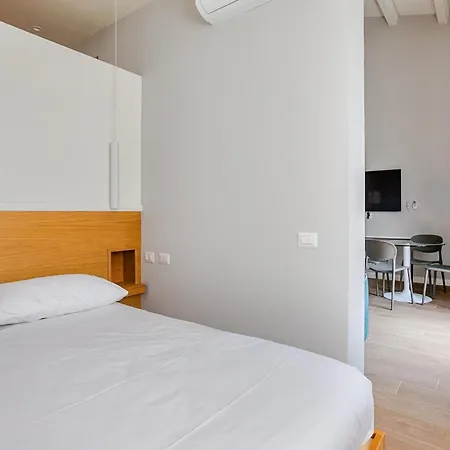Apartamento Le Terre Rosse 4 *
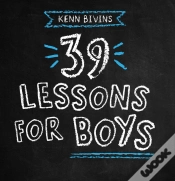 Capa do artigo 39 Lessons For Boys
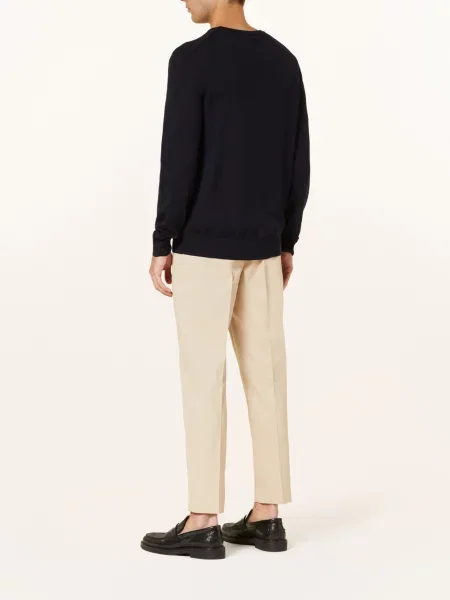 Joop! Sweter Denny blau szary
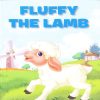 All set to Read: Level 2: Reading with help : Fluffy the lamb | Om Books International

* * *

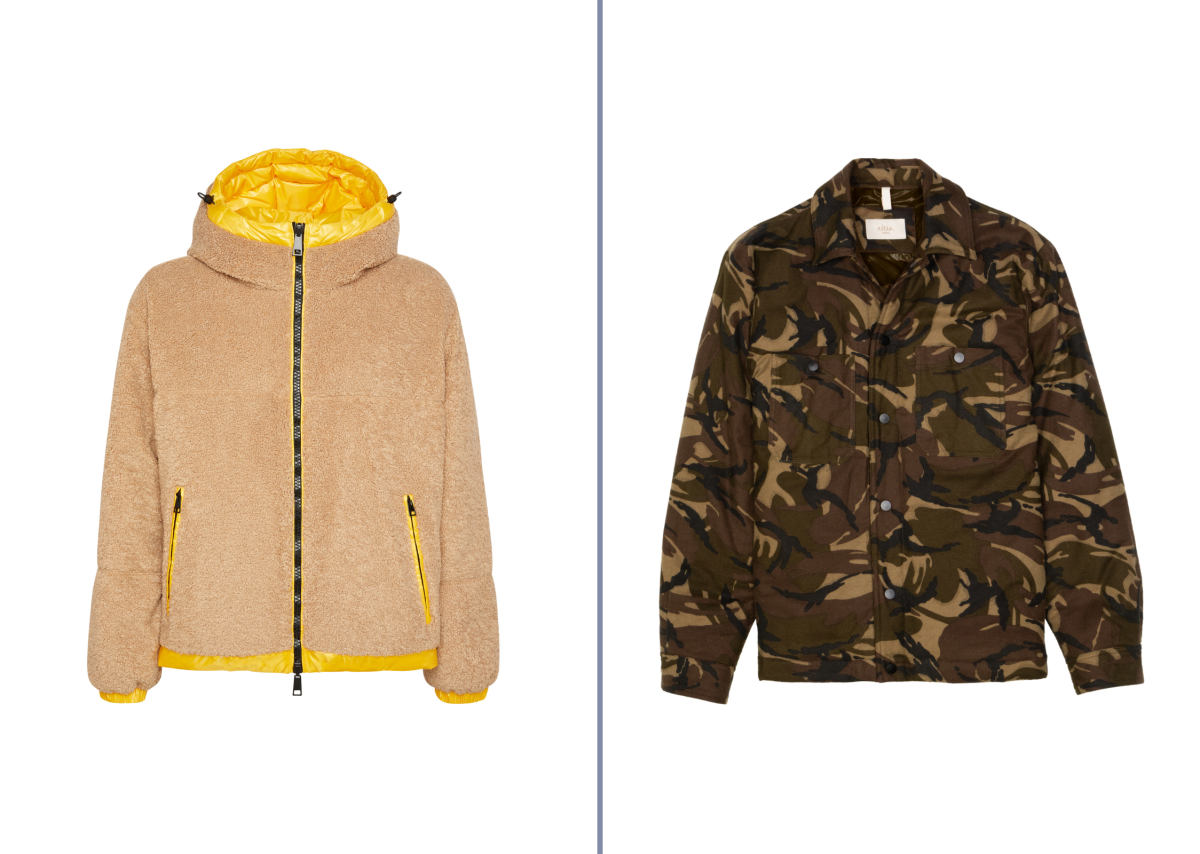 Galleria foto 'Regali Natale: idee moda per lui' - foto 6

→ Your goal
Return, exactly as they stand, the lines above from the one with "Joop! Sweter Denny blau szary" to the one with "All set to Read: Level", omitting any pictures among them.

→ Written answer
 Joop! Sweter Denny blau szary
 All set to Read: Level 2: Reading with help : Fluffy the lamb | Om Books International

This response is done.